I found the black hole of Calcutta in Cairns

MY daughter's living arrangements were a risk to life and limb.

There are plenty of dangers in Far North Queensland, says Ann Rickard, but some are just more obvious than others. Picture: DAVE HUNT
There are plenty of dangers in Far North Queensland, says Ann Rickard, but some are just more obvious than others. Picture: DAVE HUNT

THIS is a story apropos of absolutely nothing, other than that I worry about the Great Barrier Reef and the hundreds of people who rely on it for their livelihoods.

My daughter has worked in Cairns in a job with a reef connection for two decades.

When she first moved there as an 18-year-old she lived in decrepit shared house with many others.

Conditions were as unhygenic and chaotic as you might imagine in a household where young backpackers came, went, sometimes came back and often went again.

Her bedroom had no wall. Just a flimsy piece of holey netting protected her from a jungle-like back garden where a swimming pool had obviously received no care for the past century, but made for a very welcoming home for mosquitoes.

An old torn bus seat resided on her bedroom floor, an ugly useless thing if not for the money it made when she sub-let it to anyone who wandered in and needed a bed for the night.

Her father and I visited and while he hid his shock at her terrible living conditions, I did not. 

It did not help that someone had left the remnants of a curry in the "kitchen" the night before and a couple of large ants were busily moving a pappadum to their nest in the roof.

When we walked in it looked as though a pappadum was walking itself up the wall.
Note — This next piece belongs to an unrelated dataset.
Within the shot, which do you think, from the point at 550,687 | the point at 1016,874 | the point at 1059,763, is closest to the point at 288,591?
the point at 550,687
If two ants could move a pappadum into the roof who knew what an army of them could shift?

"Anything could live in that jungle backyard," I complained to her father on the quiet.

He told me to stop being silly.

"What if an oversize python slithers fatly beneath that flimsy net and strangles her," I went on.

He didn't answer. 

"Those killer ants could eat her in her sleep, or a mosquito from the pool/swamp could give her dengue," on and on I went.

There was much to worry about in and around that crumbling house. 

The next day we took our daughter for a drive through Port Douglas and beyond to Cape Tribulation.

All the way, signs warned of impending dangers: pictures of cassowaries that could disembowel a person with one swipe of their deadly claws, crocodiles lurking in muddy creeks and gathering malevolently in cloudy rivers.

"There are so many creatures that could kill here," I kept on nagging until finally her father had had enough.

"If she lived in a city she could get run over by a truck, so will you please shut up," he said.

I'd been told.

When we arrived at the ferry, seemingly in the middle of nowhere, to take us across the crocodile-infested Daintree River to Cape Tribulation, there was a line of cars waiting. Something was causing a hold up.

"Go and see what's happening," I suggested to my husband.

Off he went and came back 15 minutes later, pale and pained of expression.

"What is it?" I asked.

"A man on the ferry has been run over by a truck," he said.

This is a true story. An unlucky local from Cape Tribulation had stepped out of his parked car on the ferry and stood in front of a large truck.

Unfortunately, the truck driver had failed to put the handbrake on, the truck rolled forward, crushed the man.

I restrained from saying "I told you so".